7. Set your bedroom at a comfortable temperature
When your body temperature drops it helps signal sleep onset. Keeping your sleeping climate cool can help initiate and sustain optimal sleeping environments. Read about the relationship between temperature and sleep loss here
8. Exercise in the morning, afternoon or early evening (not late at night)
Generally exercising any time of day can help support better sleep. However, it's possible you may be the type of person who finds that late night work outs get in the way of your sleep goals. If this is you, give yourself few hours between workout time and sleepy time to allow your body temperature to return to its usual 98.6 degrees, your heartbeat to return to its resting rate and your adrenaline levels to stabilize so you can get in your Z's.
9.Take a soothing hot bath at night
According to research, bathing one to two hours — ideally, 90 minutes — before bed in water at 104 to 109°F (40 to 43°C) can help you fall asleep an average of 10 minutes quicker than normal
10. Practice Progressive muscle relaxation (PMR)

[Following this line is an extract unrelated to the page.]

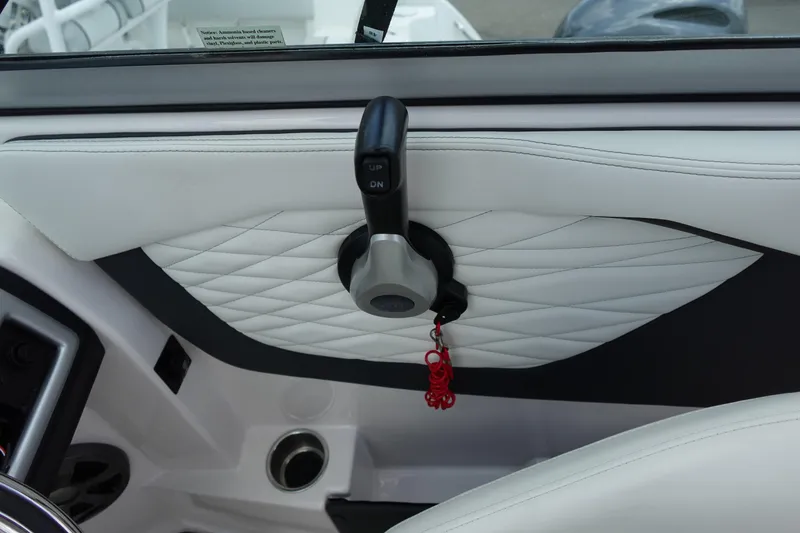 Slide: The Image of Interior of 2021 Regal 23 OBX boat with white quilted upholstery and control lever. - 25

This is a method of deep muscle relaxation, that involves learning to monitor the tension in specific muscle groups by first tensing each muscle group, then releasing it as attention is directed towards the differences felt during tension and relaxation. This helps to redirect the anxiety based responses in the brain and body and help support sleep onset.
Disclaimer: The information contained in this document is for general education purposes only and is not intended to treat, cure or prevent any disease or medical conditions.
Check with your health practitioner before making diet and lifestyle changes.